Aveline Agrippina Tando


Aku masih mencintamu
Mengagummu… tak ’
kan lelah hati merasa
Sesungguhnya aku kalah
Namun cintaku tak ‘
kan lemah

 

Keletihan menyergapku malam ini. Sebenarnya aku ingin terlelap dalam mimpi. Tapi aku belum bisa tidur. Pikiranku membawa pada masa lalu setelah Glenn Fredly bersenandung, menyanyikan “Kalah”. Entah mengapa kata – kata yang diucapkan Glenn mengingaktkan diriku pada seseorang yang lama kutinggal jauh dan nyaris kulupakan. Dan dia kembali membuatku menjadi pedih. Membawa kabar yang membuatku menyesal karena masa lalu. Dan sungguh, aku tak ingin kehilangan dia.

*** 

Sore itu, dua puluh tahun lalu.

“Laras… Laras…”
Aku mendengar suara itu dari lorong laboratorium kimia. Aku menoleh ke belakang. Bram berlari ke arahku. Kulihat dia menggenggam buku di tangan kanannya. Dia berhenti tepat di hadapanku. Menyodorkan buku itu.

“Laras, ini bukumu yang kupinjam kemarin. Terima kasih untuk pinjamannya.”
“Sama – sama, Bram.”

Kumasukkan buku itu ke dalam tas.

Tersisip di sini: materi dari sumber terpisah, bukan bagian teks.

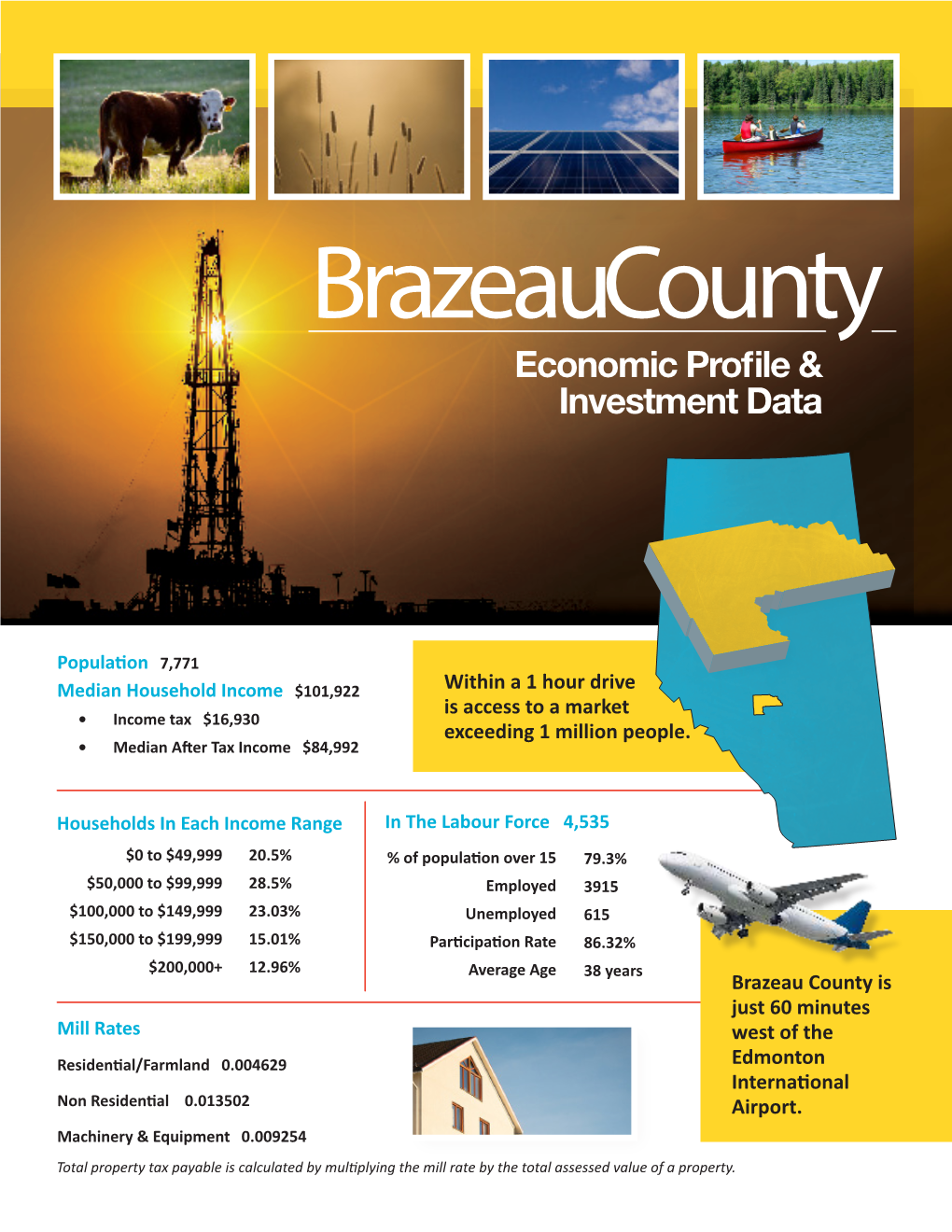 Brazeau County Is Just 60 Minutes Mill Rates West of the Residential/Farmland 0.004629 Edmonton International Non Residential 0.013502 Airport
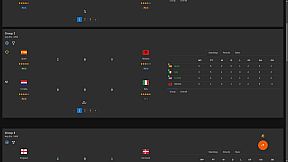 Forever World Cup Simulator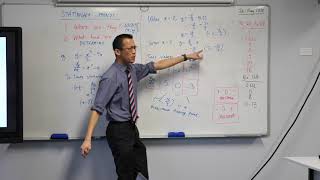 Sign of the Derivative (7 of 7: Determining nature of stationary points)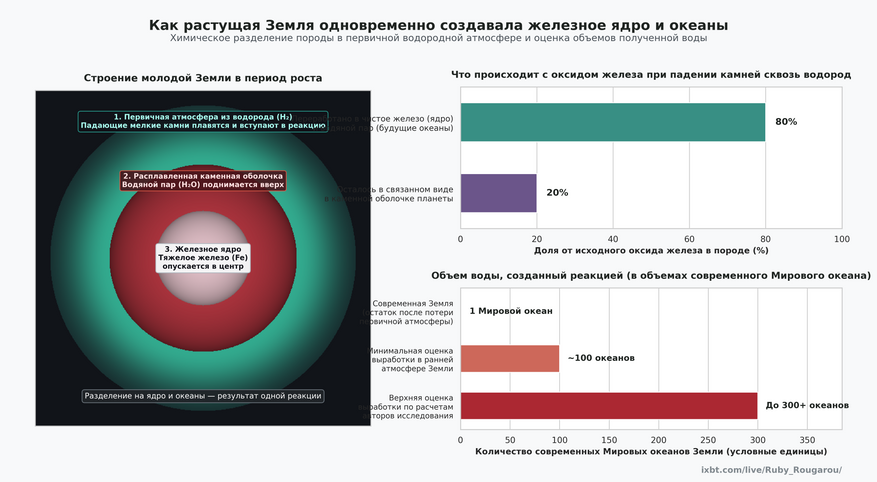 Схема разделения вещества внутри растущей Земли и оценка объемов полученной воды. Падение мелких камней сквозь плотную водородную атмосферу одновременно формировало металлическое ядро в центре планеты и насыщало атмосферу водяным паром в объемах, сопоставимых с сотнями современных мировых океанов.
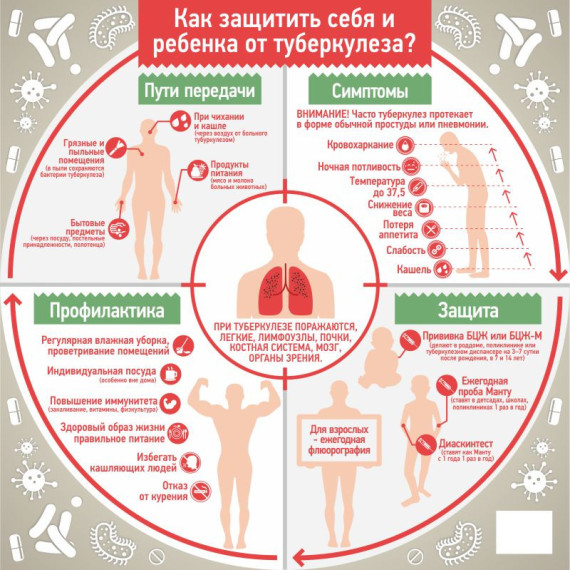 24 марта- Всемирный День борьбы с туберкулёзом.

Aku berbalik arah dan pergi meninggalkannya. 

“Laras, kamu mau pulang?”
Tak perlu lagi kutebak apa kata – kata berikutnya yang akan Bram ucapkan. Pasti ia akan mengajakku pulang dengan sepedanya yang baru dibeli dari uang yang ia kumpulkan sejak kelas tiga SMP – tujuh belas tahun silam-.

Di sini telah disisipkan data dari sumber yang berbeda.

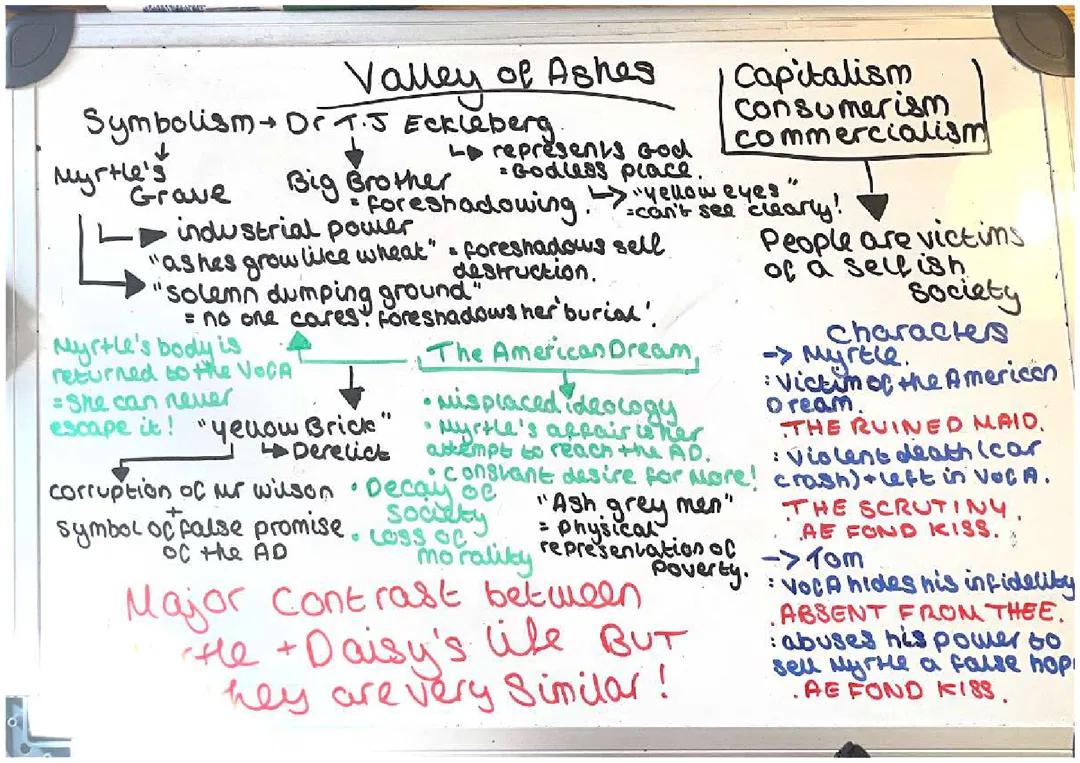 Great Gatsby - Valley of Ashes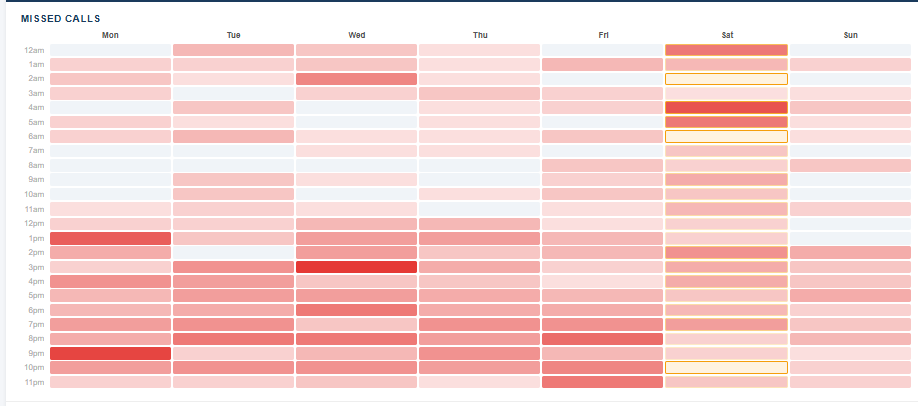 Heatmap of missed calls for every hour of the day, Monday to Sunday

“Laras, aku sedang mengumpulkan uang. Kamu tahu untuk apa?”
Aku hanya menggeleng.

“Aku mau beli sepeda itu!” Ia menunjuk ke arah sepeda yang berwarna biru.
“Aku mau ajak kamu jalan – jalan naik sepeda itu, Lar,” lanjutnya.
“Kok kamu tidak minta sama bapakmu?”
“Aku mau kamu menikmati hasil usahaku.”
“Kenapa harus aku?”
“Karena aku… cinta kamu, Laras.” 

Pinjam catatan adalah hal biasa untuk Bram. Sejak SMP, dia memang suka meminjam catatan dibandingkan menulis catatan sendiri dari yang dijelaskan oleh guru. Anehnya, seseorang yang minta dipinjami olehnya hanya aku. Awalnya aku menanggapi biasa saja. Tetapi lama – lama jurus pinjam catatan itu menjadi cara tersendiri untuknya agar bisa mendekatiku. 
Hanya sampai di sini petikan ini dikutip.